**TASK DETAILS:** For this exercise, please transcribe exactly and only the lines from the one containing "Earring cross 585" through the end of the material, both ends included, without pictures.

**GIVEN MATERIAL:**
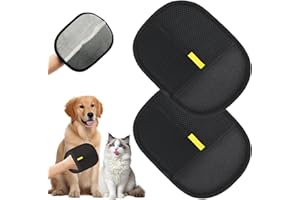 DAMIGHT Pack of 2 Fur Magnetic Gloves, Fur Magnet Gloves, Double-Sided for Dogs and Cats, Reusable Pet Hair Remover Glove, Anti-Static, Breathable Pet Hair Remover, Cat Toy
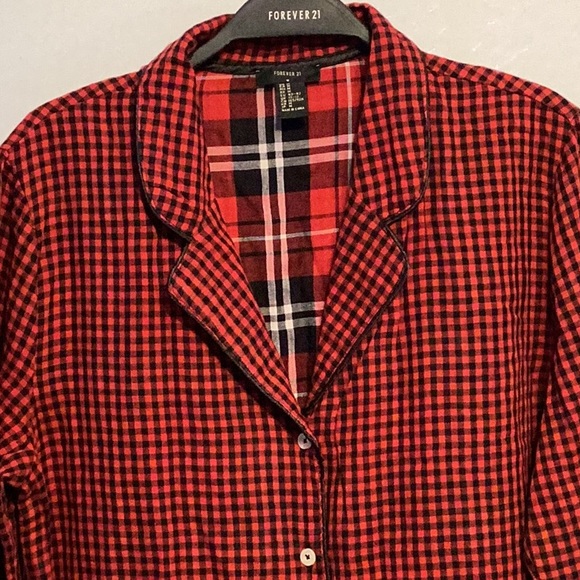 Forever 21 plaid night shirt size medium - Picture 2 of 5
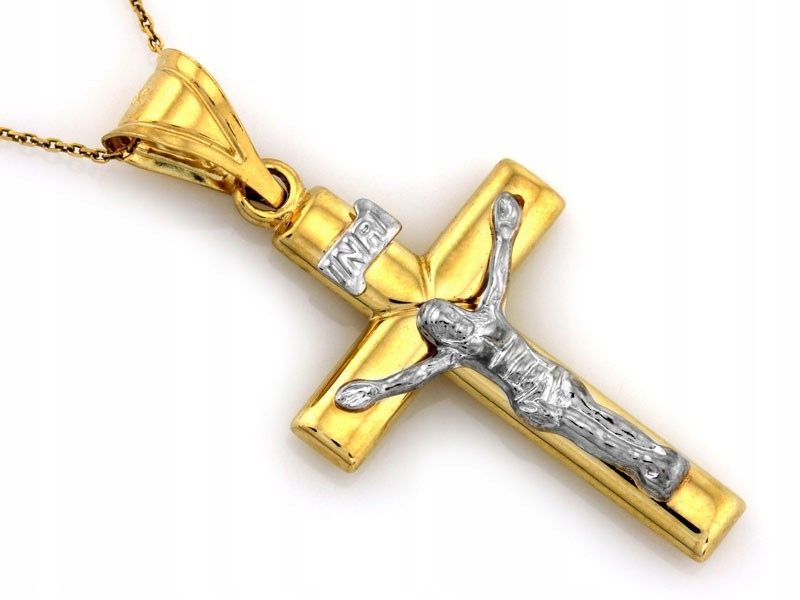  Earring cross 585 with image christ 1.23g religious items for a gift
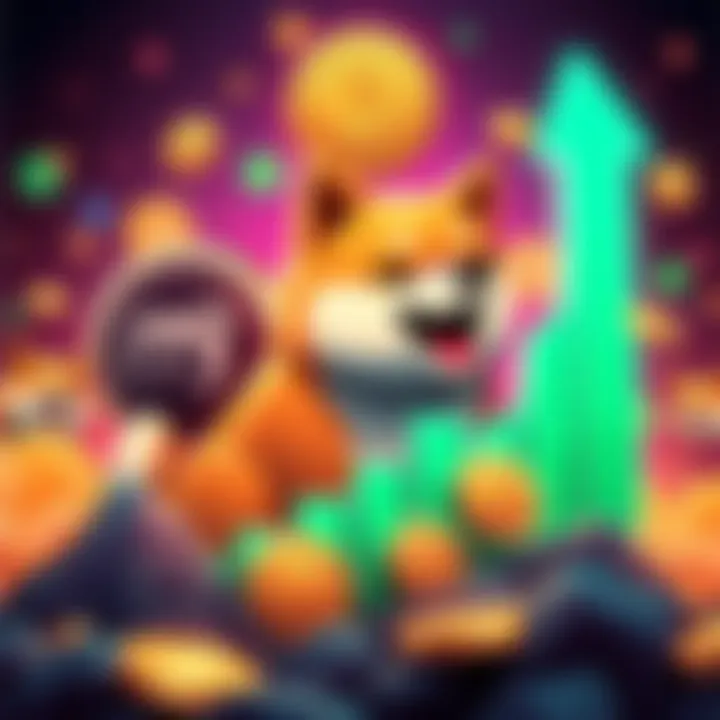 A vibrant graphic showing meme coins, like a Shiba Inu and other popular tokens, surrounding a rising chart symbolizing Robinhood Chain's growth in 2026.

**THE ANSWER:**
  Earring cross 585 with image christ 1.23g religious items for a gift
 A vibrant graphic showing meme coins, like a Shiba Inu and other popular tokens, surrounding a rising chart symbolizing Robinhood Chain's growth in 2026.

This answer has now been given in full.